Though FortisBC built on the principles of LEED (Leadership in Energy and Environmental Design) — a rating system designed by the United States Green Building Council to evaluate the environmental performance of a building — FortisBC did not go after LEED certification due to the cost — not just of the building, but to get certified.

“It really is about returning those cost savings to our customers and does having a label on the building return the cost savings given that investment, or does putting that investment into things that better serve our staff in having a purpose-built building?” said Bogdanovic.

The facility also includes crew space, an open office surrounded by meeting rooms of varying size, sit-t0-stand desks, a lunch/meeting room with a room divider that opens onto a patio, a room where employees can hang wet clothing to be air dried and warehouse space.

The property the Kootenay Operations Centre is built on is 10 acres, with a five-acre yard, a 33,000-square-foot building and an employee parking lot that includes an electric charger.

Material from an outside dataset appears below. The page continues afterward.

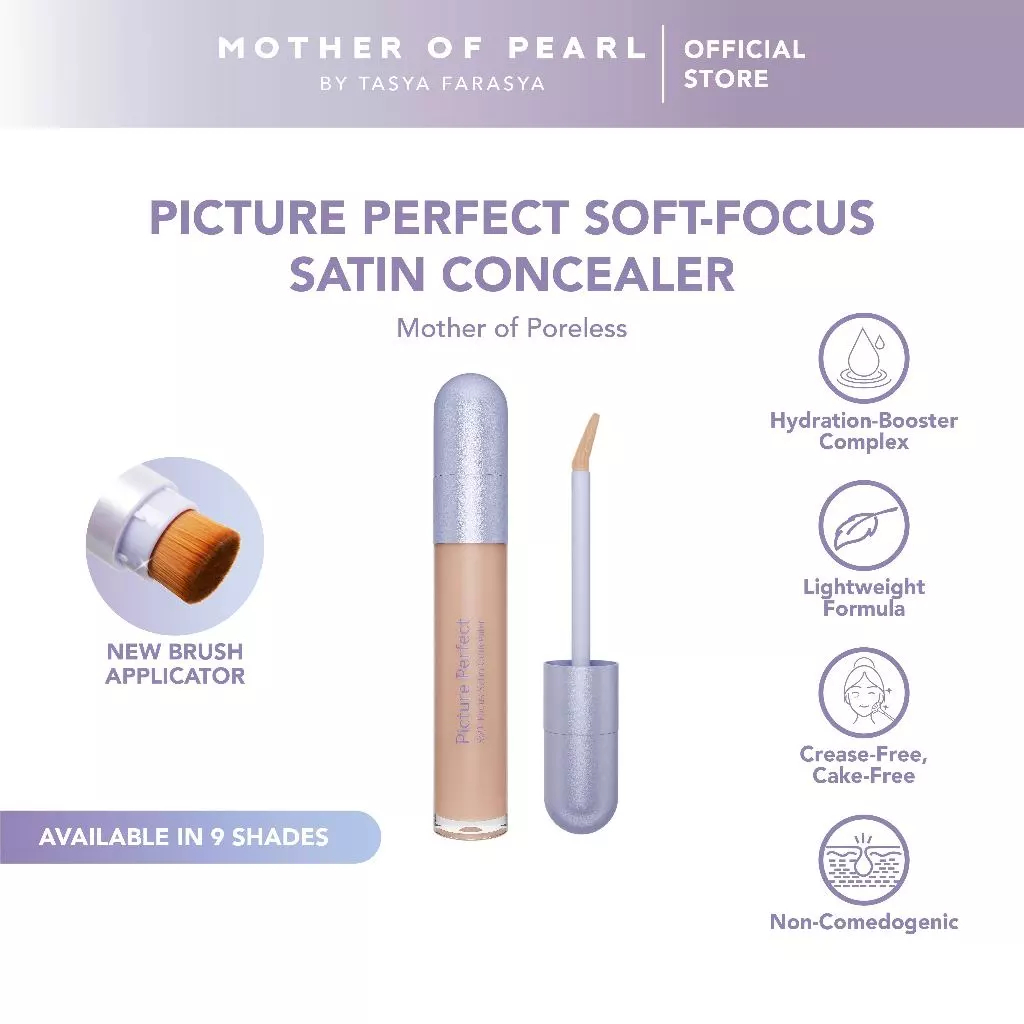 MOP Beauty Picture Perfect Soft-Focus Satin Concealer Mother of Pearl Beauty Picture Perfect Soft-Fo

The approved budget for the project was $23 million and construction was quick, after starting in June last year.

The building replaced the Castlegar District Office and two buildings at South Slocan, and there are 125 positions stationed at the centre — none of them new.

Asked how many of those 125 people had relocated to Castlegar, Becky Richardson, facility planning manager, said she didn’t have the numbers, but she knew that some employees had relocated.